Political memories are strange things, full of lapses and false recall. Memories of past follies fade and grow dim, until the next betrayal is administered. Time has allowed the magical allure of Labour left-wing  rhetoric to once again rehabilitate itself.

In 1945 millions of workers voted Labour and resulted in a massive majority of 146 seats. Myths and illusions make up the history of the Labour Party. Nowhere is the matter of myth so pervasive than in the record of the Labour government of 1945. The establishment of the Welfare State was claimed to be the crowning achievement of the Labour Party and confirmation of the success of reform politics.  It was widely believed that Labour’s stated objectives could now be achieved; and indeed nationalisation of the basic economic services and an advanced social welfare programme was put on the statute book within the first three years of office. Twenty per cent of industry was nationalised. The National Health Service was established and was completely free. The de-mobilisation of the armed forces and the transition to a peace time economy was carried through relatively smoothly, and between 1946 and 1950 industrial production increased by fifty per cent. The legislation of the 1945 Labour Government was labelled “socialist” and this attribution of “socialist” given to the measures of nationalisation and “free” social security benefits, led many in the labour movement to accept the propaganda.

As for the claim that the Welfare State is an early form of a socialist society, it must be emphasised that social security schemes are firmly placed within the framework of a market economy. Contrary to Labour’s propaganda claims, welfare legislation is common to most industrialised countries. The reformers have degraded the socialist movement by aspiring merely for a “welfare state” by tinkering with capitalism. This identification of socialism with social welfare and full employment has remained a major source of confusion to this day. Nationalisation measures are not socialist, despite the popular belief that this is so. In fact, the first nationalisation bill put through Parliament was brought in by a Tory Government in 1857 when they nationalised the Indian railways. The motive of the Tories was certainly not to improve the living standards of the Indian workers, let alone to introduce socialism! In fact the real issue which has divided Labour and Tory has not been the question of state intervention, as such, but the question of the form which this takes. In this debate the latter party have been supported by both big and small capitalists who have defended the setting up of formalised corporate planning and intervention in industry by representatives from government and the employers as opposed to the centralised and more bureaucratic parliamentary control favoured by Labour.  Neither party have been in favour of real control by the workers themselves.

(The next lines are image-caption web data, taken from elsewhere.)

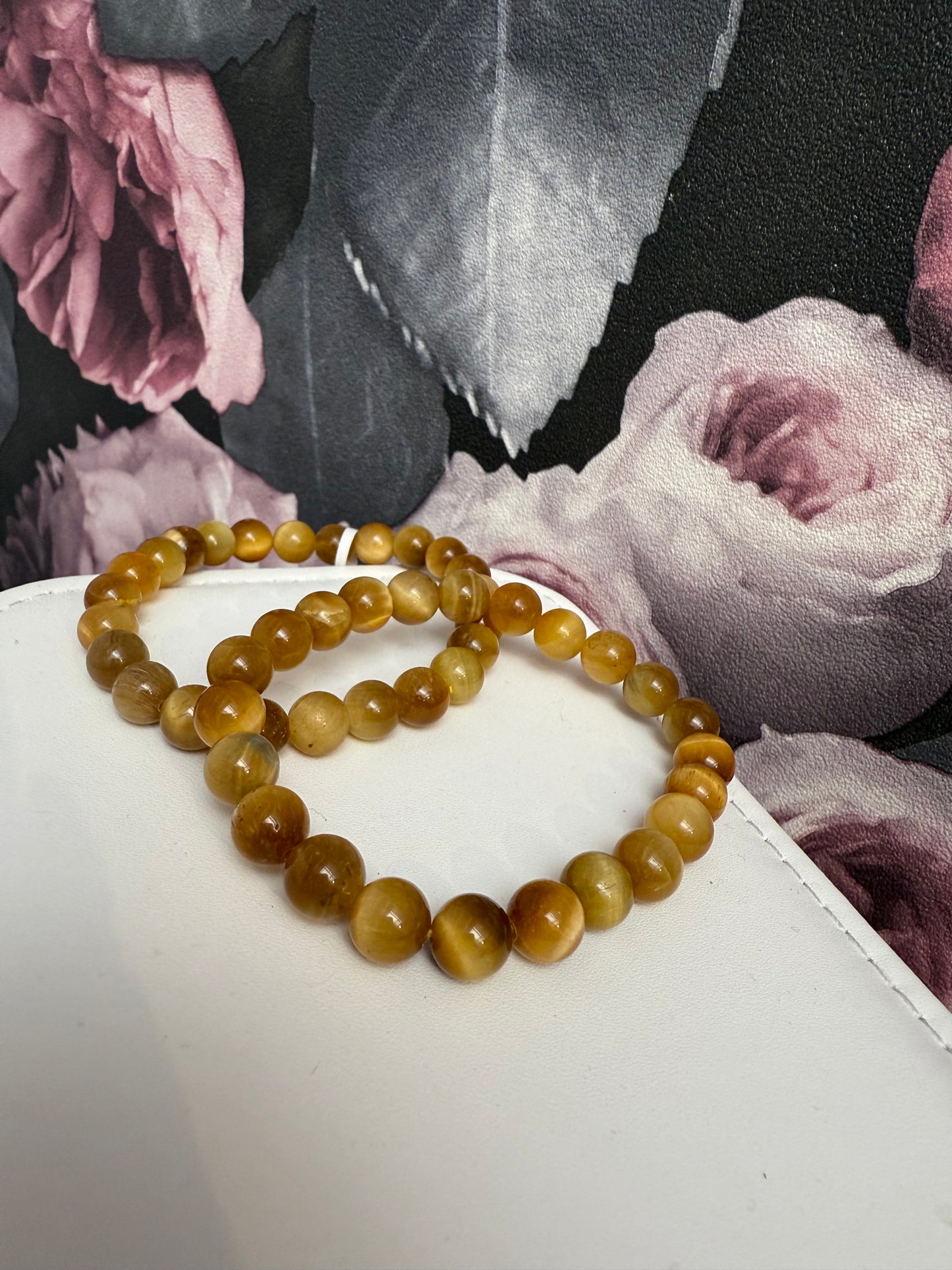 Bracelet œil de tigre doré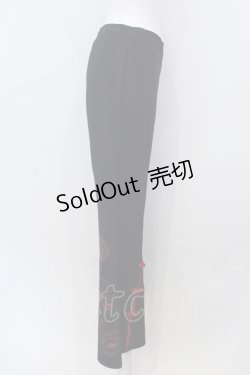 画像2: Qutie Frash / チャイナパンツ  ブラック×レッド O-25-06-30-068-QU-PA-IG-OS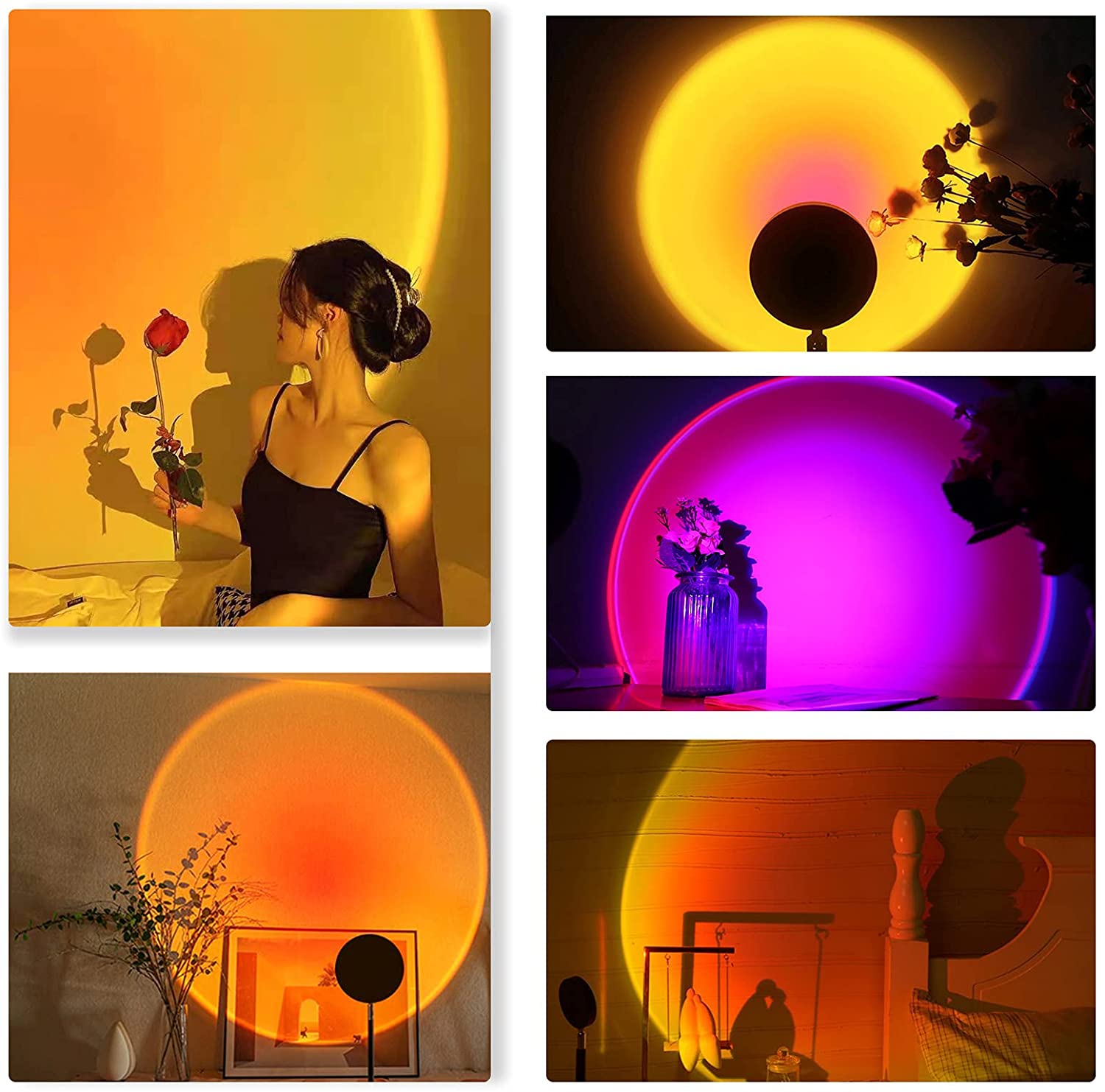 USB Desk Lamp Rainbow Projection Lamp — foto 6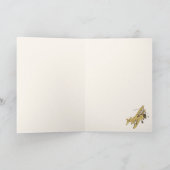 アールデコBi飛行機 – 黄色のハッピーバースデー+名前。 カード (内部)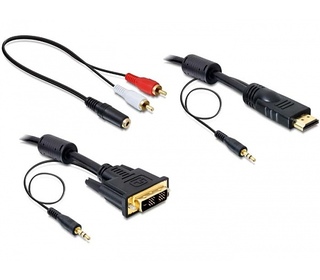 DeLOCK 84455 câble vidéo et adaptateur 2 m DVI-D HDMI Noir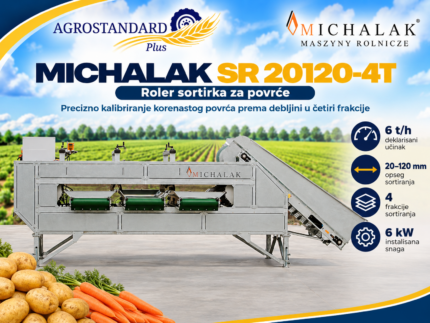 Michalak SR 20120-4T roler sortirka za povrće sa četiri prihvatna transportera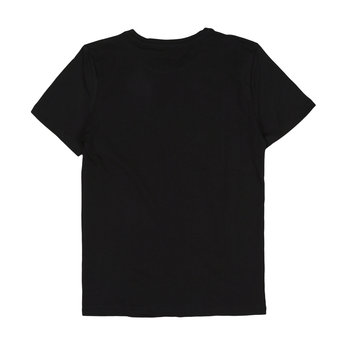 Chłopięcy czarny t-shirt z nadrukiem - Tom Tailor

As far as the development of the Welfare State is concerned both parties have a history of welfare legislation. The basic platform of the welfare state was sketched out by the Tory dominated post-war reconstruction committee, which planned the system of social insurance and the health service in addition to placing the 1944 Education Act on the statute books. Again, during the enactment of subsequent measures by the Labour Government during the years 1945-51 there was no opposition in principle to the welfare state. Why is this? In addition to providing facilities for health and education which are of obvious benefit to the working class, the measures passed were fully in accord with the requirements of the capitalist for a healthy work force, and an educated one, and over and above this, were the minimum reforms which any party would have granted during this period, given the radicalism of the post-war mood. It is in later periods, when capitalism has found itself in crisis, that these benefits have come under attack, by both parties. In fact it was a Labour Government which launched the first erosion of welfare rights, imposing NHS prescription charges, ending the free NHS.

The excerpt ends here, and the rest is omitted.